[Directions]: Pictures stay out of the copy. Retype exactly, and only, the lines from the one containing "Best Choice Products" through the end of the listing below.

[Dataset section]:
══════════

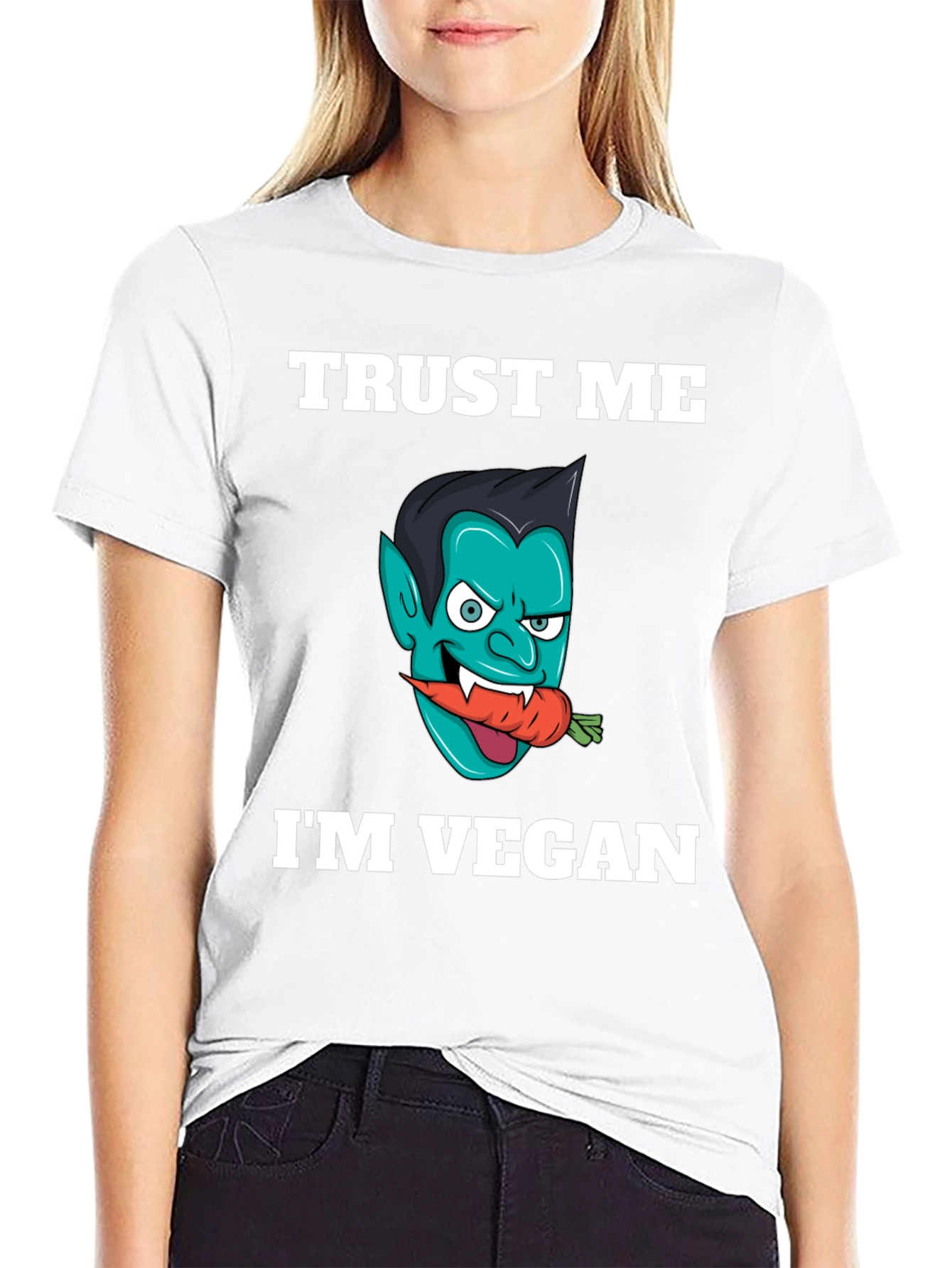 Black Vegan Vampire T-Shirt - Trust Me, I'm Vegan! view 9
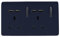Trendi 2 Gang Artistic Modern Glossy Screwless Raised 13 Amp 240v Short 4 USB Type A Charging Points Double Chrome Switched Electrical Wall Plug Socket Navy Blue - ART-SKT213USBNV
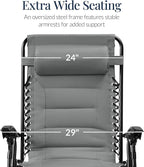 Best Choice Products Oversized Padded Zero Gravity Chair, Folding Outdoor Patio - Image 3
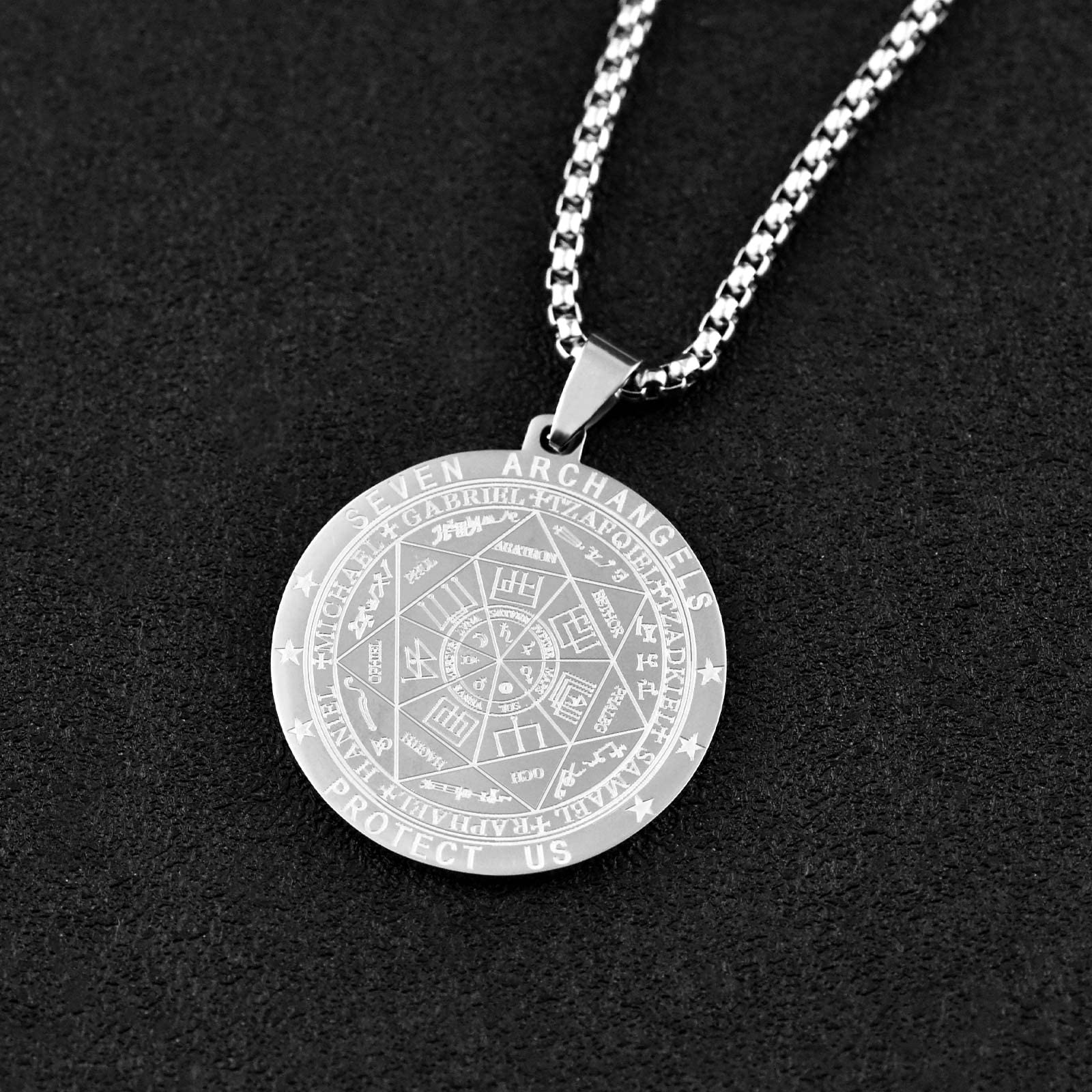 FLYUN Seal of The 7 Archangels Pendant Necklace for Men,Seven Archangels Protection Necklace for Men, Mens Spiritual Talisman Amulet Jewelry (A5-Steel)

══════════

[Answer to this task]:
 Best Choice Products Oversized Padded Zero Gravity Chair, Folding Outdoor Patio - Image 3
 FLYUN Seal of The 7 Archangels Pendant Necklace for Men,Seven Archangels Protection Necklace for Men, Mens Spiritual Talisman Amulet Jewelry (A5-Steel)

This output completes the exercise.